Wednesday, October 30, 2013

10 Days of Stephen King: 1408


Not all haunted hotels have giant mazes or guys in dog suits giving oral sex to another man. But they can still be just as weird as we see in Stephen King's film 1408. An adaptation based off not one of his novels but off of a short story he wrote. Even based off a short story it comes with the scares. 

When we meet Mike Enslin played quite nicely by John Cusack (Better Off Dead, Grosse Pointe Blank) he's a writer who has most definitely lost his passion to write. All of his books are the same and none of them sound that interesting to be exact. He continues to write these lame countdown books of the scariest or most haunted places in America, lame. But that's all soon to change when he gets a mysterious postcard in his mail for The Dolphin Hotel in New York. Not without a warning "Don't stay in room 1408", but like any good investigative writer doesn't listen to the creepy postcard in his P.O. box. 

Once we finally are in the hotel, we meet Sam Jackson's character Gerald Olin, the hotel manager who begs with Cusack's Mike to "Do Not Stay in that Room". He offers complimentary gifts, tells him to stay in another room, everything, but Mike's stubbornness won't have it. He must prove Olin wrong and stay in the room one whole night without either going crazy or taking his own life like many of the other residents of 1408 have done in the past. When Olin takes Enslin up to the 14th floor we the audience know something's wrong, Olin himself will barely get off the elevator before showing Mike how to get there.

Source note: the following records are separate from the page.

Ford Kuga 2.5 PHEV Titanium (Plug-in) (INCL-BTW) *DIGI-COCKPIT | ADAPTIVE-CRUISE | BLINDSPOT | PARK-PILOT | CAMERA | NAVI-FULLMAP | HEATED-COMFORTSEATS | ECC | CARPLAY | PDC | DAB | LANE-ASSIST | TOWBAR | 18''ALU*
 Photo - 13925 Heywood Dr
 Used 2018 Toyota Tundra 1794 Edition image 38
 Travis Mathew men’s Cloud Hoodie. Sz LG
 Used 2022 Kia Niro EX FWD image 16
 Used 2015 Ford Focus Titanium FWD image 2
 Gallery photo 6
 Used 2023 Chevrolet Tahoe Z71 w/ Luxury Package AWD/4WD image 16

After Olin's departure we go on a wild ride. Are we seeing things? Is Mike? Nothing seems to be right, because everything seems so normal at first but things change quickly for Mike, things start randomly breaking , people are appearing, ghosts of guests past? Maybe, or could all this be in Mike's head, maybe he's having a mental breakdown. The room starts changing, nothing seems quite right anymore and that's the fun in this film. 

The film overall has some great scares in it. But the best scenes are the emotional breakdowns of Cusack's Mike Enslin. Cusack has played many roles in the past usually with his own quirkiness attached to it and he does the same here yet it works so perfectly for the guy that Mike Enslin is. Jackson's performance is welcomed as it's something different than what you would expect from him. There are also some nice performance from the supporting cast with Tony Shaloub playing Mike's agent and Mary McCormack playing his mike's ex-wife. But actors aside I praise the director Mikael Håfström, he could have easily made this film using digital effects and cgi but instead he went practical and after you see the film you will understand why that's so cool.